Notice that there is a limit to the amount of lock contention that this application will see by simply adding nodes to the documents it creates. For example, suppose we created documents with 100 nodes:

> java dbxml.txn.TxnGuide -h myEnvironmentDirectory -n 100
Number of threads:              5
Number of doc nodes:            100
Using node storage:             true
Using read committed:           false 

In this case, we see an average of 316 deadlocks — less, even, than the single node case. Why? First, the documents are now very large so there is a good chance that each document is filling up entire pages, even though we are still using node-level storage. In addition, each thread is now busy creating documents and then writing them to the containers, where they are being deconstructed into individual nodes. All of this is CPU-intensive activity that is likely helping to prevent lock contention because each thread is spending more time on document handling than it does with the smaller document sizes.

Using Wholedoc Storage

In the previous section we saw that specifying a document node size of 10 resulted in an average of 869.667 deadlocks across three program runs. This indicates a fairly high level of lock contention. It also indicates that the program is not operating particularly efficiently.

One way we could improve the write throughput for our application is to use whole document storage instead of node-level storage. This will result in fewer, but larger, database entries. The result should be fewer threads of control fighting for locks on a given page because fewer individual documents will be held on any given page.

Specifying a node size of 10 with whole document storage:

> java dbxml.txn.TxnGuide -h myEnvironmentDirectory -n 10 -w
Number of threads:              5
Number of doc nodes:            10
Using node storage:             false
Using read committed:           false 

gives us an average deadlock count of 556 across three program runs. That's certainly a significant improvement over node-level storage, although for many workloads you will pay for it in terms of the higher query times that wholedoc storage will cost you.

Using Read Committed Isolation

Another way we can modestly improve our write performance is by using read committed isolation. This causes our transactions to release write locks immediately, instead of waiting until the transaction is resolved. Using read committed isolation does not gives us the dramatic write performance that does using wholedoc storage (see the previous section) but it is still an improvement.

> java dbxml.txn.TxnGuide -h myEnvironmentDirectory -n 10 -2
Number of threads:              5
Number of doc nodes:            10
Using node storage:             true
Using read committed:           true 

The average number of deadlocks seen across three runs with these settings is 724, down from 869.667. This is a modest improvement to be sure, but then you do not have to pay the query penalty that wholedoc containers might cost you.

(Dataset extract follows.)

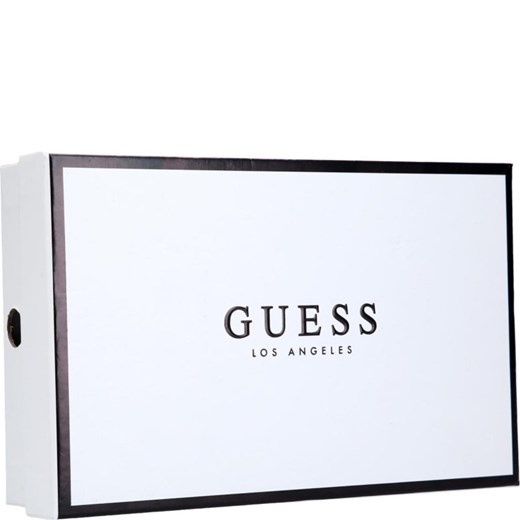 Guess Portfel CESSILY Guess Uniwersalny okazyjna cena Gomez Fashion Store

Read Committed with Wholedoc Storage

Finally, the best improvement we can hope to see for this application, using 10 node documents and 5 writer threads, is to use read committed isolation to write to whole document containers.

> java dbxml.txn.TxnGuide -h myEnvironmentDirectory -n 10 -w -2
Number of threads:              5
Number of doc nodes:            10
Using node storage:             true
Using read committed:           true 

For three runs of the program with these settings, we observe 228.333 deadlocks — a remarkable improvement over the worst-case 869.667 that we saw for 10 nodes, 5 writer threads!